Кстати о взятке. Возможность ее дать, размер, сама процедура дачи и ее характер – самый точный измеритель доверия в России. Радиус доверия крайне узок: доверяют родным и близким, своему кругу. Причем как в быту, так и в политических верхах – отсюда опознавательная система свой/чужой и понятия «семья», «ближний круг», «кооператив “Озеро”», «потерпевшие от санкций Запада». Любой выход во внешнюю среду прощупывается багром: можно дать человеку взятку? Решит вопрос или кинет?
Узок круг доверия. И короток горизонт планирования. Как можно что-то планировать, если не доверяешь среде, внутри которой живешь?
Отсюда и некоторые особенности потребительского поведения – в том числе отношения к финансовым институтам и инструментам. Отсюда и некоторые проблемы российской экономики: меньше доверия, осторожнее или, наоборот, «бедовее» потребительское поведение – меньше рост и его качество.
Исследование Левада-центра, проведенное по заказу Центра макроэкономических исследований Сбербанка в 2012–2013 годах, показывает, что на степень доверия влияет и такой фактор, как возможность влиять на что-либо, в том числе на положение дел в стране. Способность управлять обстоятельствами собственной жизни, границы этого управления равны радиусу доверия. Отсюда и неспособность, и нежелание нести ответственность за все то, что происходит вне «мелового круга» доверия. Почему голосуют за власть? Ровно потому, что она вне радиуса доверия. А голосование – барщина и оброк за то, чтобы не вторгались в «ближний круг».

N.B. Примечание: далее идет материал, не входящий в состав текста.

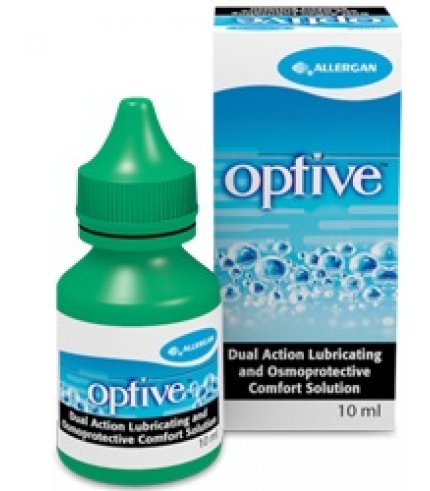 OPTIVE SOLUZIONE OFTALMICA 10 ML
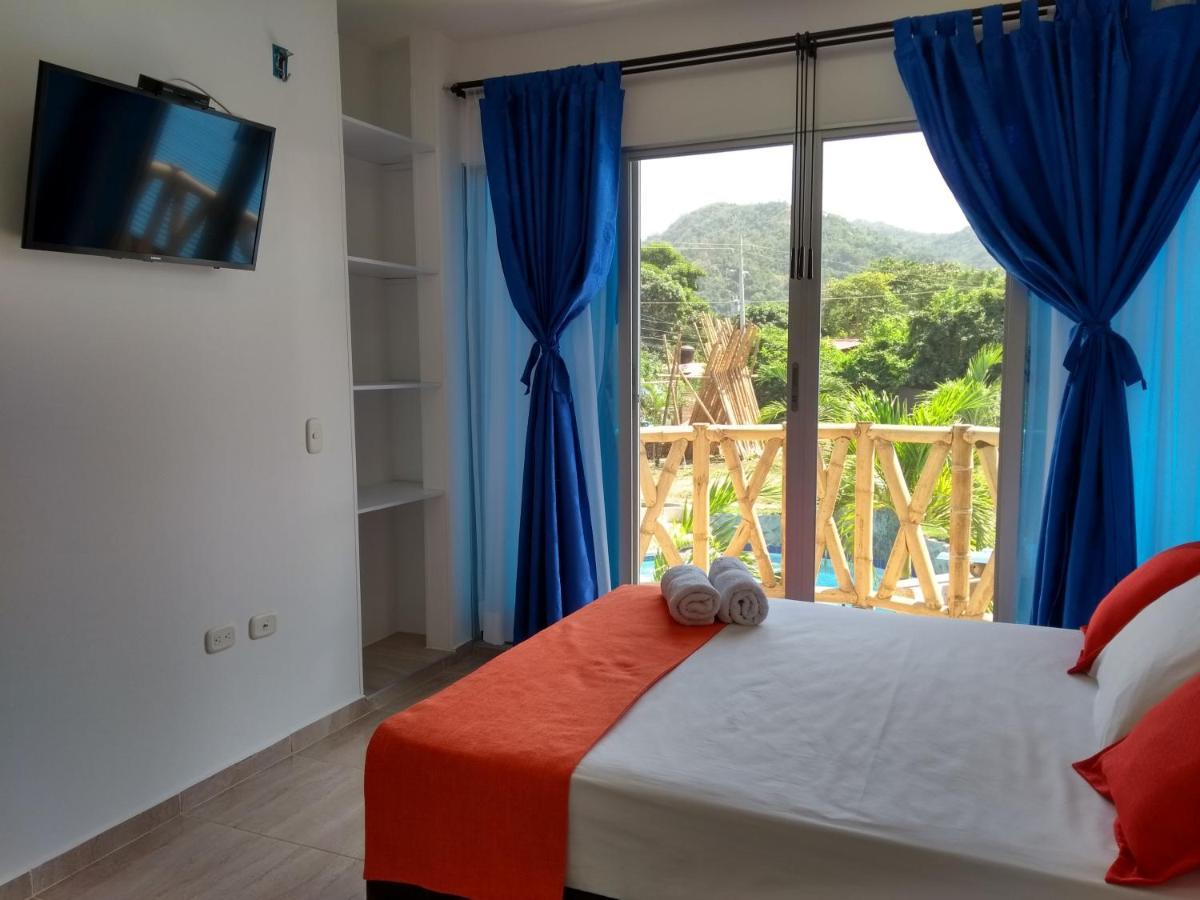La Rivera Playa Palomino Kültér fotó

Отсутствует то, что называется res publica – общее дело. То есть оно, конечно, бывает. Но негативного свойства. Оборонительного.
Когда приходит внешняя сила с бульдозерами в товарищество «Речник», конечно же, возникает общее дело, res publica, – оборона рубежей «ближнего круга». Но она основана не на позитивной идее. Как писал изучавший проблему ректор Европейского университета в Санкт-Петербурге Олег Хархордин, «у нас есть инфраструктура, которая связывает людей во время аврала, но у нас нет инфраструктуры постоянного участия – нет res publica, понимаемой как общая, или градская, вещь, которая потребовала бы нашей общей заботы и предполагала бы совместное действие».
Ознакомительная версия.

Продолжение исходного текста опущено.